[Opening Task inputs section]

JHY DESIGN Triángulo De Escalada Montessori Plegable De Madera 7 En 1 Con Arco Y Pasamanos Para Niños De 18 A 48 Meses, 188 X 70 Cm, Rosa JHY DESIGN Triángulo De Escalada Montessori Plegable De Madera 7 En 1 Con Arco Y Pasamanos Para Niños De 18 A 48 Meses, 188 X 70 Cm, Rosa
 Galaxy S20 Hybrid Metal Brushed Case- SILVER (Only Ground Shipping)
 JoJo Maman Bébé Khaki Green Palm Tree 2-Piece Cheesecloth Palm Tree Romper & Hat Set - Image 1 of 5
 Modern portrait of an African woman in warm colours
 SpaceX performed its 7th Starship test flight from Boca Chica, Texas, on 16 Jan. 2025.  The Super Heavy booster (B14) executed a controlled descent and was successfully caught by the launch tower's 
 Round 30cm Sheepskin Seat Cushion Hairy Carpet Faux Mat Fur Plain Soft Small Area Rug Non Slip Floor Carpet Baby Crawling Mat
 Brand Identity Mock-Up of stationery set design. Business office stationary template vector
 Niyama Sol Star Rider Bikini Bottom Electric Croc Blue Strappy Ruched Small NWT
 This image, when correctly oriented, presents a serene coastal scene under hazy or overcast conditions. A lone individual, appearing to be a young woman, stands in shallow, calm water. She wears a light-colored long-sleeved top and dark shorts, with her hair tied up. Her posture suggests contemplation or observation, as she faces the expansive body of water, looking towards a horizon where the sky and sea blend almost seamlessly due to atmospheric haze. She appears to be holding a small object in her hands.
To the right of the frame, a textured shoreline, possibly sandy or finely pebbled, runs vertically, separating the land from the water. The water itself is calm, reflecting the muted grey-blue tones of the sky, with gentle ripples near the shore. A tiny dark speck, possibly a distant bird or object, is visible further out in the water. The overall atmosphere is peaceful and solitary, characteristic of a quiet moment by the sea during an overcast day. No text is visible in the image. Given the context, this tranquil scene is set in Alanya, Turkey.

[Closing Task inputs section]

* [Your task]
Line count for the string "woman": state how many lines in the data contain it, and output nothing else.

* [Answer box]
2